_What the exercise asks_
At the line containing "Brother T520w 3in1", begin an exact copy of the lines below and continue through the final one, with no pictures.

_Exercise data_

------------------------------

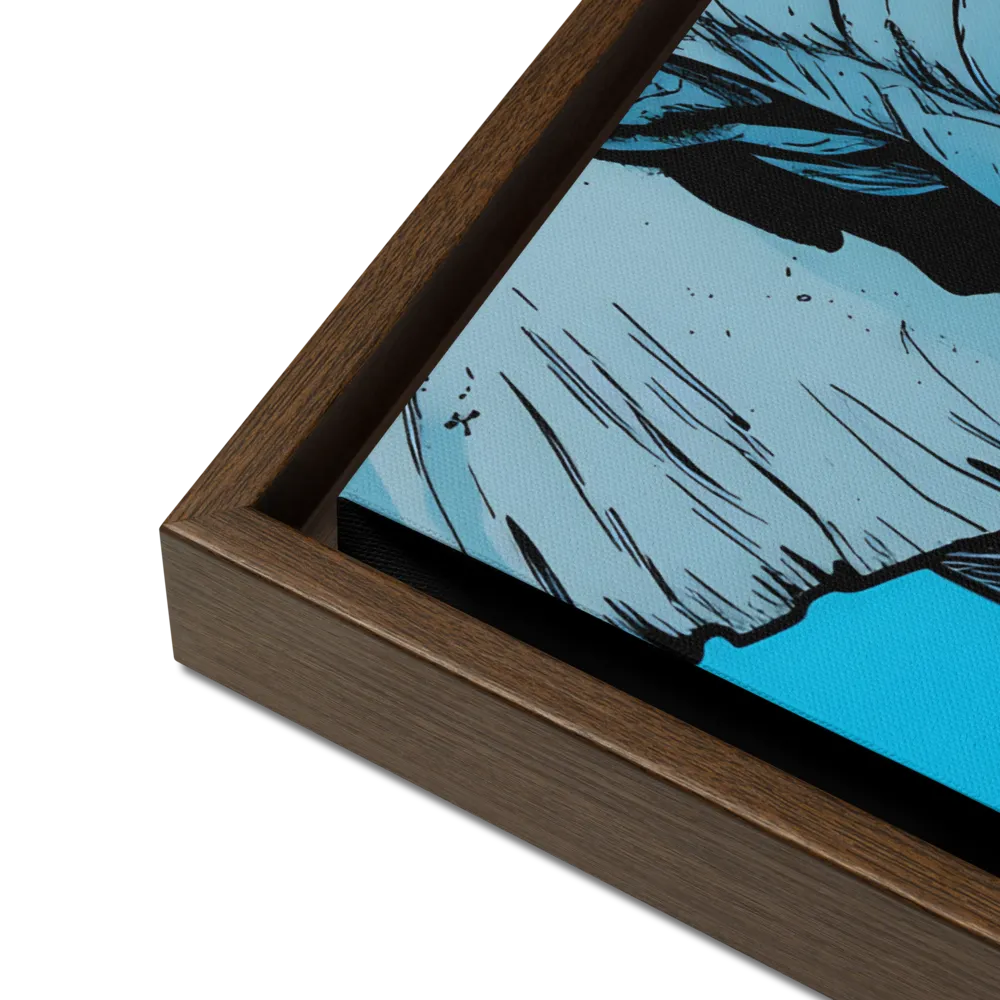 Majestic Presence: The Elephant | Canvas with Brown Frame | 18″×24″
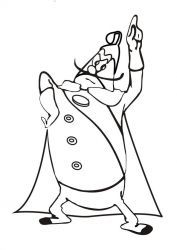 plansa de colorat cipollino #5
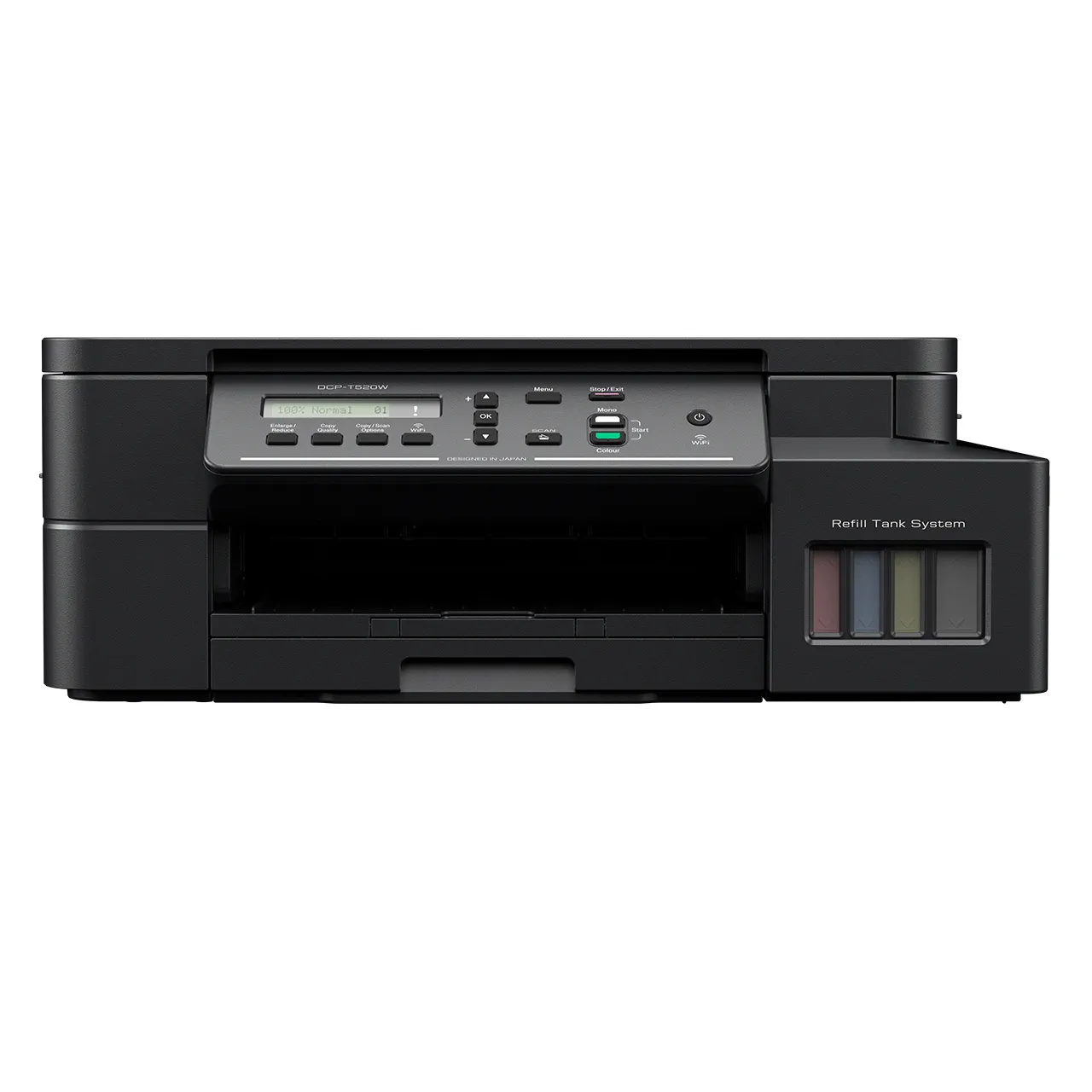 Brother T520w 3in1 AiO Color Ink Printer - Usb+WiFi #DCP-T520w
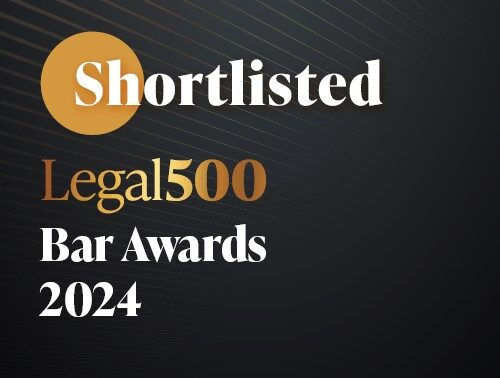 Shortlisted for Legal 500 2024 awards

------------------------------

_Finished task_
 Brother T520w 3in1 AiO Color Ink Printer - Usb+WiFi #DCP-T520w
 Shortlisted for Legal 500 2024 awards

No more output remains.